Hi,
I’m interested in using DataParallel with two inputs behaving differently :
model(S,A)
Where S would be split but not A. I didn’t find anything about the possibility of doing that.
Thanks.
Hi,
I’m interested in using DataParallel with two inputs behaving differently :
model(S,A)
Where S would be split but not A. I didn’t find anything about the possibility of doing that.
Thanks.
In nn.DataParallel
your model will be replicated onto the specified GPUs.
The data will then be split in the batch dimension and pushed to each replica.
What would your use case be, if A
shouldn’t be split? The replicas won’t be able to use it in any calculation, since A
would still be on your “master” device.
I have to handle a huge matrix multiplication between S which is (555,3) and A which is (3, 1500000).
As it cannot fit in memory because the target data is (555,1500000), I need to split the matrix multiplication in two to avoid going out of memory. I do that by just splitting S in two on the first dimension. Then I would obtain two matrices (SA)1 and (SA)2 on which I compute my loss and I merge the results back before backwarding.

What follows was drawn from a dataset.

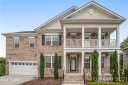 21904 Torrence Chapel Road sold home in Cornelius, SC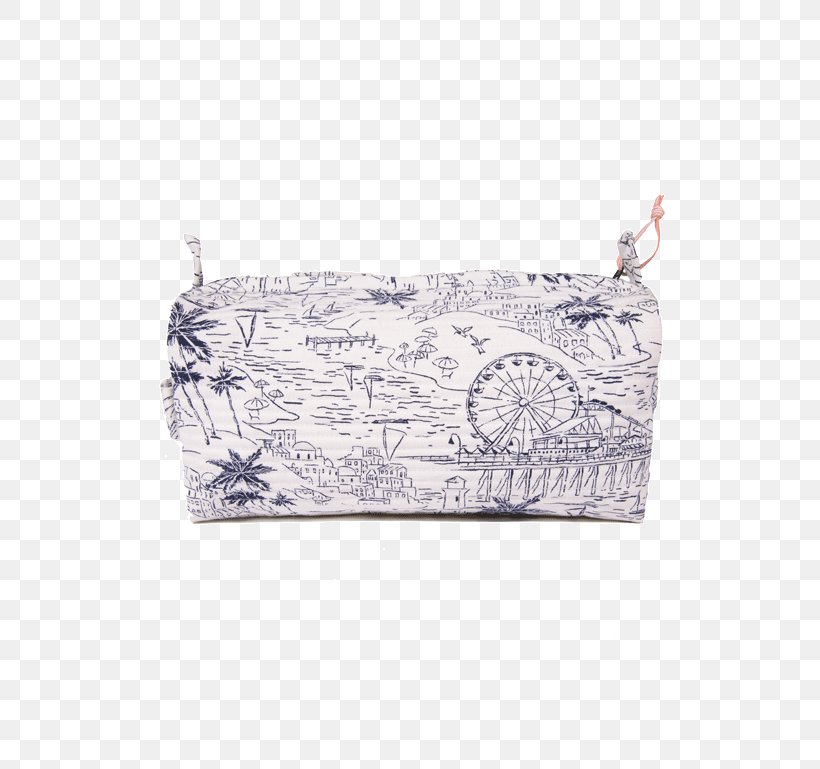 Latin Cosmetic & Toiletry Bags Interstate 45 Clothing Accessories Interstate 30, PNG, 769x769px, Latin, Bag, Blue, Clothing Accessories, Coin Purse Download Free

In that case nn.DataParallel
won’t help, since it would copy the data onto all GPUs.
You could try to push S1
and S2
onto different GPUs and calculate the loss there.
Here is a small pseudo-code for this use case:
S1, S2 = torch.chunk(S, 2, 0)
S1 = S1.to('cuda:0')
S2 = S2.to('cuda:1')
SA1 = torch.matmul(S1, A.to('cuda:0')
SA2 = torch.matmul(S2, A.to('cuda:1')
# calculate losses and backward
It works great. Thanks for your help !